Somerfield looked annoyed.

"Oh, I don't say that would happen exactly. There are other ways ... But what we want is to see women get decent wages, full value for their work. The employers will have to come forward. If we make a strong stand they're bound to give way..."

"Strikes?" Jill raised her eyebrows. "I thought they ruined the nation's trade? And that women always suffered more—the wives and mothers in these times. Besides..." relentlessly she pursued her way with a child's honest search for knowledge. "I don't really understand ... But, supposing that wages all round are raised, well then the employers—to make a profit—will have to sell at a higher cost. And won't that make living dearer?—in case of food and necessities?"

"Not in the end. You ought to study Political Economy. I doubt if it much affects the class we're working for at any rate. It may hit ours!" He smiled sadly with an air of secret martyrdom—"And the rich too, I sincerely hope!"

"But if you keep on 'hitting the rich'"—Jill adopted his expression—"and the large class of employers—won't they some day have to retrench? And doesn't that mean cutting down employment in every grade—for women too?"

"More likely smaller dividends!" Somerfield sneered. "These syndicates and capitalists are the curse of England"—his voice rose—"that's where the people's money goes—back to the pockets of the rich!"

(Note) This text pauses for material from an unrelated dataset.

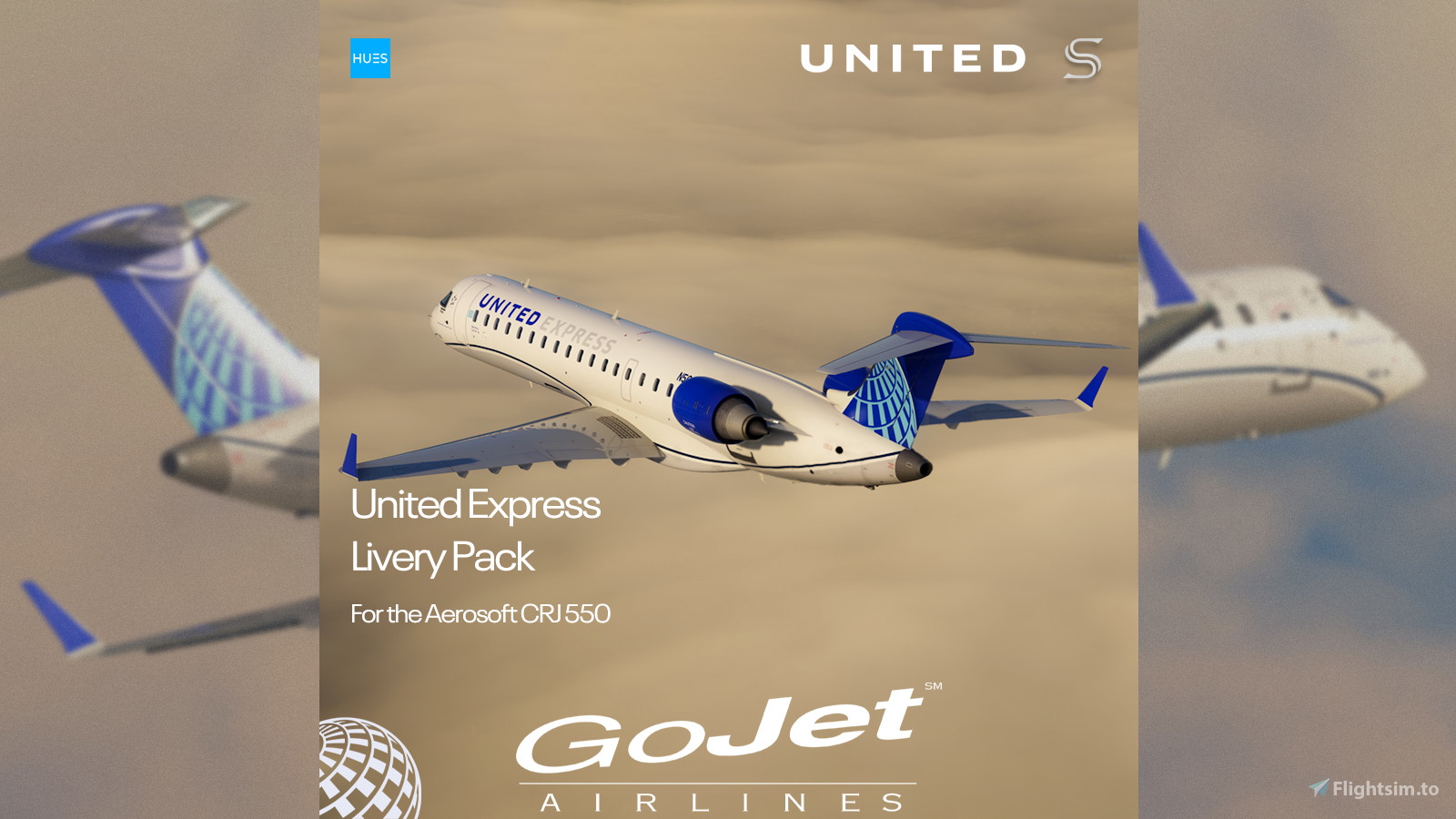 United Express (GoJet) Livery Pack | Aerosoft CRJ550 V2 | 4K - Image 1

"But aren't there a lot of decent people, middle-class and rather poor, investors too, dependent on dividends? Oh, I can't understand it all!—It seems to me whatever you do to alter the distribution of wealth you ruin some one—and always, always it pans out harder for those who work!"

"We're not talking of Socialism," Somerfield hastily interposed—"we're discussing the need for the Vote—for women to have a hand in the Government. To see that their own sex don't suffer—to put down all sorts of wrongs that have lingered on from feudal days when women were nothing more than slaves!"

"It sounds glorious." Jill was moved, but the doubt still haunted her.

"If only one could pick the women. They're such a lot of us, you see—and—really—some are awful fools!"

"And what about the present Government? And the next too, if it comes to that! D'you think their brains are above suspicion?" He gave her a mocking glance.

"No." Jill nodded her head. "But allowing that they're rather stupid, do you want to add to the general confusion by pairing them with the other sex—an equal number of ignorant women?"

"Oh! you're hopeless!" He got up and poured himself out another glass from the port decanter on the sideboard. "I thought you really wanted to learn?"

"So I do." Jill sat tight. "But I won't be swept off my feet by ... a sort of hypnotism of Sex! I want to keep an unprejudiced eye. Of course I'd like to see women take a leading place everywhere. But if they make a mess of it, we're worse off than we were before. We stand to lose as well as gain by rushing into public life." She threw back a lock of hair that had fallen forward, blinding her.

"Now, look here, Stephen, we've got a lot ... I'm not talking of influence and the right to expect chivalry—which by the way I think we're losing, through the tactics of the Militants! You've only to stand in a Suffrage crowd and listen to some of the remarks. Why, fifty ... a hundred years ago ... a decent man would have taken umbrage. Men were run through in those days for far less said of their sisters or wives! But—to go back—-we've got some pull. To begin with, men, when they marry, keep us! I dare say I'm old-fashioned. Yes—of course! I knew you'd laugh!—but it's big, really. It means a home—and protection—and a fair chance for ... bringing up a family."

She flushed slightly under his smile, but went on bravely with her argument.

"It seems to me that by and by we'll have to work, share and share alike, ill or well, on equal terms. And what's to become of our home life—and—well ... the next generation?"

Stephen saw his chance at last.

"Are you thinking of marriage yourself, Jill? You seem to arrange for all possibilities..."

His greenish eyes were insolent under their long fair lashes.

"Oh!" She sprang up. "Oh! you beast...!"

But she faced him still, breathless, white.

"At any rate, if I did, I'd live in my own house!" she cried.